- French: La vie après l'amour
- Directed by: Gabriel Pelletier
- Written by: Ken Scott
- Produced by: Roger Frappier Luc Vandal
- Starring: Michel Côté Sylvie Léonard Patrick Huard Guylaine Tremblay
- Cinematography: Éric Cayla
- Edited by: Alain Baril
- Music by: Benoît Charest
- Production company: Max Films
- Distributed by: Alliance Atlantis Vivafilm
- Release date: July 7, 2000;
- Running time: 104 minutes
- Country: Canada
- Language: French

= Life After Love (film) =

Life After Love (La vie après l'amour) is a 2000 Canadian romantic comedy film, directed by Gabriel Pelletier. The film stars Michel Côté as Gilles, a man who is desperately trying to win back the love of his ex-wife Sophie (Sylvie Léonard) after she leaves him for another man.
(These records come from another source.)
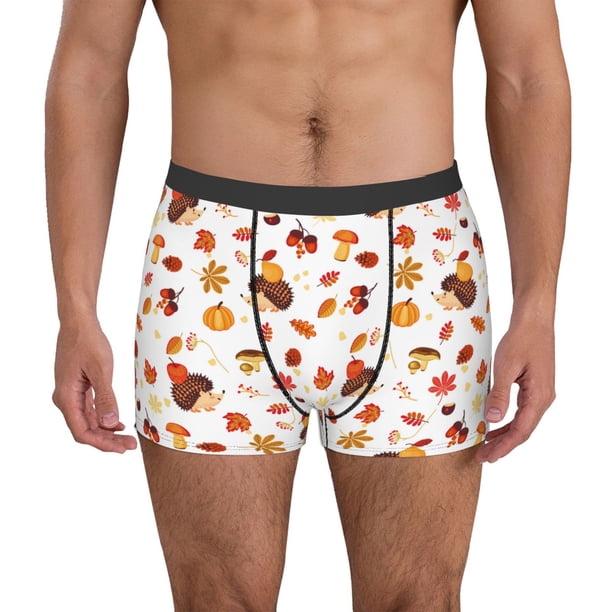 Fotbe Autumn Maple Leaf with Hedgehog Calzoncillos Tipo Boxer con Bolsa de Soporte Total para Hombre, X-Temp Fresco, Transpirable y de Secado Rápido-X-Large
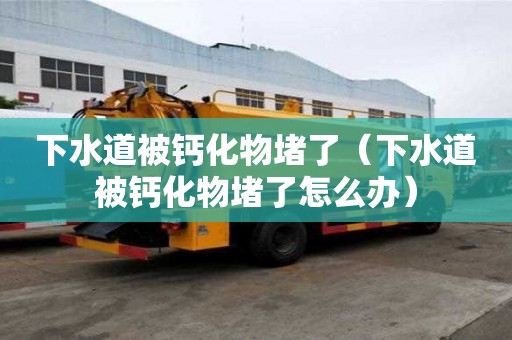 下水道被鈣化物堵了（下水道被鈣化物堵了怎么辦）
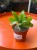 Rhipsalis crispata  Patyczak crispata  (4).jpeg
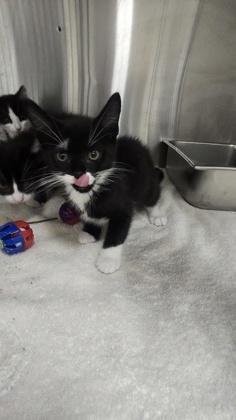 Java, Adoptable, Young Female Domestic Short Hair & Domestic Short Hair.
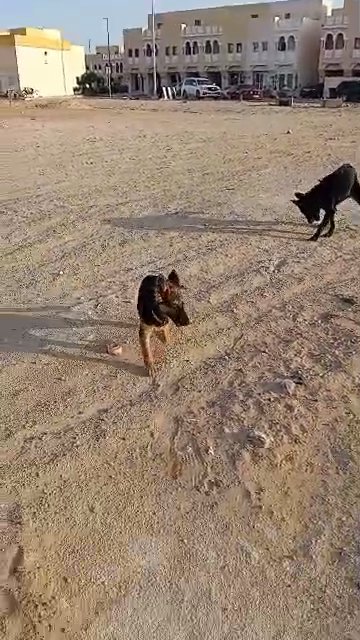 German Shepherd puppies in Abu Dhabi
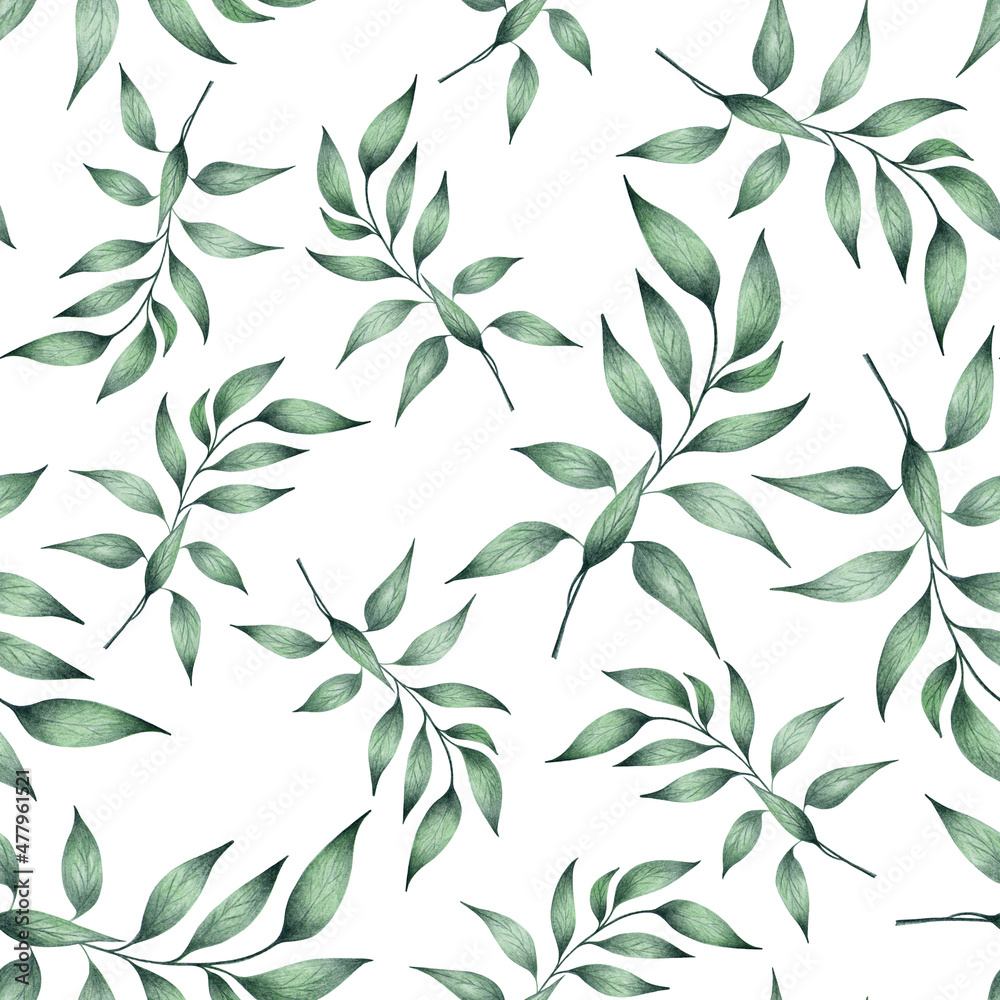 Seamless pattern of eucalyptus leaves.	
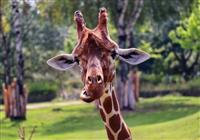 Safari Dvůr Králové - , autobusový poznávací zájazd, Safari park Dvor Králové a pravé české peklo, Safari park - 3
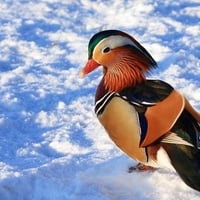 Colorful Duck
The film received two Genie Award nominations at the 21st Genie Awards, for Best Supporting Actor (Patrick Huard) and Best Costume Design (Denis Sperdouklis). It received five Prix Jutra nominations at the 3rd Jutra Awards, for Best Film, Best Actor (Côté), Best Supporting Actor (Huard), Best Supporting Actress (Guylaine Tremblay) and Best Screenplay (Ken Scott), as well as winning the Billet d'or as the year's top-grossing Quebec film.

==Release==
Alliance Atlantis Vivafilm released Life After Love in North America on DVD and video-on-demand on February 26, 2002.